The Secretary of State to the Chargé in Uruguay (Chapin)
Sir: Reference is made to the Department’s telegram no. 69 of May 1 [April 30], 1941 stating that the Department would forward a new draft of general provisions for inclusion in the proposed trade agreement between the United States and Uruguay.
There is enclosed such a draft including a proposed draft of Final Minutes29 which, unless you perceive objection, you should transmit to the appropriate Uruguayan officials. In doing so you should state that the articles of the draft are either identical, or similar in substance, to those proposed during the previous negotiations in 1939, except for the modifications indicated below.
Article IV relating to exchange control now provides, in the event that either country maintains any system of exchange control, merely for most-favored-nation treatment with respect to (1) transfers of payment for, or payments necessary or incidental to, the importation of any article originating in the other country; (2) rates of exchange and taxes or charges on exchange transactions in connection with any such payments, on a like article basis. Moreover, numbered paragraph 3 provides an escape clause from these provisions in time of war or other national emergency on the condition only that the Government availing itself of this clause inform the Government of the other country in writing of the action taken. This clause, which is necessary on our part because of existing law (Section 5(b) of the Act of October 6, 1917, as amended by Public Resolution no. 69, [Page 567] 76th Congress, approved May 7, 194030), doubtless will be acceptable to the Uruguayan Government whether or not similar legislation for dealing with emergencies exists in Uruguay.

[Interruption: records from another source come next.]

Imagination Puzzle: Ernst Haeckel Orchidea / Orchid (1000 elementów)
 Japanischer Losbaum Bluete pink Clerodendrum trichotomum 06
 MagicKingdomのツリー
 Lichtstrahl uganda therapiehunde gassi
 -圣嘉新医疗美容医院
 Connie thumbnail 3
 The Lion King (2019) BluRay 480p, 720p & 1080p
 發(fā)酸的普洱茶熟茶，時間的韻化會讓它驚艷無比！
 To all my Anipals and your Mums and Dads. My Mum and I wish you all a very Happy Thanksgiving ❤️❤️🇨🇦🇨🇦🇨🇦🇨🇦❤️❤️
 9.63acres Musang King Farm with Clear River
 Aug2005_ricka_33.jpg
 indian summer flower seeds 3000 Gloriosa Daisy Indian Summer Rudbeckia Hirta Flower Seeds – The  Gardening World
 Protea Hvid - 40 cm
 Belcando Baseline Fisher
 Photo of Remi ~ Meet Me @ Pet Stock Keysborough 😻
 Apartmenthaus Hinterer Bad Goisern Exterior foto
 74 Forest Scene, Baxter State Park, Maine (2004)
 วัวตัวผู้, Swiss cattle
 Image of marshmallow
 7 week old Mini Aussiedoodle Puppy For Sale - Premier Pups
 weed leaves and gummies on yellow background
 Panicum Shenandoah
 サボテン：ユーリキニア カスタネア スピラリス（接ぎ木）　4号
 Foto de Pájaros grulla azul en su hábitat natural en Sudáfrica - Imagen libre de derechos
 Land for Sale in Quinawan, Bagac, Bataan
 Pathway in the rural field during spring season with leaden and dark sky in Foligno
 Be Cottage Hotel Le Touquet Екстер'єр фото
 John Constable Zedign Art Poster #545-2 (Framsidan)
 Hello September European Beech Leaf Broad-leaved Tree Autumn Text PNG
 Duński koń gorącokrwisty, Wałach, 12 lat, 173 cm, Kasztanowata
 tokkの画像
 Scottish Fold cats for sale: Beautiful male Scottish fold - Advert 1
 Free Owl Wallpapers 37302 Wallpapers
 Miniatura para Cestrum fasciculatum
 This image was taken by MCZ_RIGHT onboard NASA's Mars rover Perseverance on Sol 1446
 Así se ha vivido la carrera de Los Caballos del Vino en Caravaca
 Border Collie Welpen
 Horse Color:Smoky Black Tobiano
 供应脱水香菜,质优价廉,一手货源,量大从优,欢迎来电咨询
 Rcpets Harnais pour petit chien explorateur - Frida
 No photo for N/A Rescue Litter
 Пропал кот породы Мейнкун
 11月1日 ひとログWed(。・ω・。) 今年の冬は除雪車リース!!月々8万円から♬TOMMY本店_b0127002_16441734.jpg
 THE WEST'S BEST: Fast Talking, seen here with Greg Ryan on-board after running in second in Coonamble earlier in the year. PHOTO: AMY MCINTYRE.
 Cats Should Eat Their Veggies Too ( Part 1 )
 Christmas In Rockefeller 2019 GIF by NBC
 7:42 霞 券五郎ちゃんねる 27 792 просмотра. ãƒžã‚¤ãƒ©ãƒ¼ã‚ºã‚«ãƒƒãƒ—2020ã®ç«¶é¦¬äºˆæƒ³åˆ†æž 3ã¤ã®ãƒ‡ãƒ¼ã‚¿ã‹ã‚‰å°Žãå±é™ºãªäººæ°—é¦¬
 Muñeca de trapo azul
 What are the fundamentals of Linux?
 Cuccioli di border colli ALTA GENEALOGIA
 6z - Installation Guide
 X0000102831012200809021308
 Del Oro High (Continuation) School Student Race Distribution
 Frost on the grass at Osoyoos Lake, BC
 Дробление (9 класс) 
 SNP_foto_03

For the Legation’s confidential information, these modifications of the exchange control article which was proposed by this Government in the previous negotiations with the Uruguayan Government, and which was previously considered as standard for inclusion in trade agreements, have been made in compliance with the wishes of the Treasury Department which desires to retain greater freedom of action, in connection with the operation of its Foreign Funds Control, with respect to matters affecting international transfers of payment than would be permitted by the former exchange control article requiring no restriction or delay on transfers of commercial payments.
[Here follow instructions regarding a number of technical points in the draft articles.]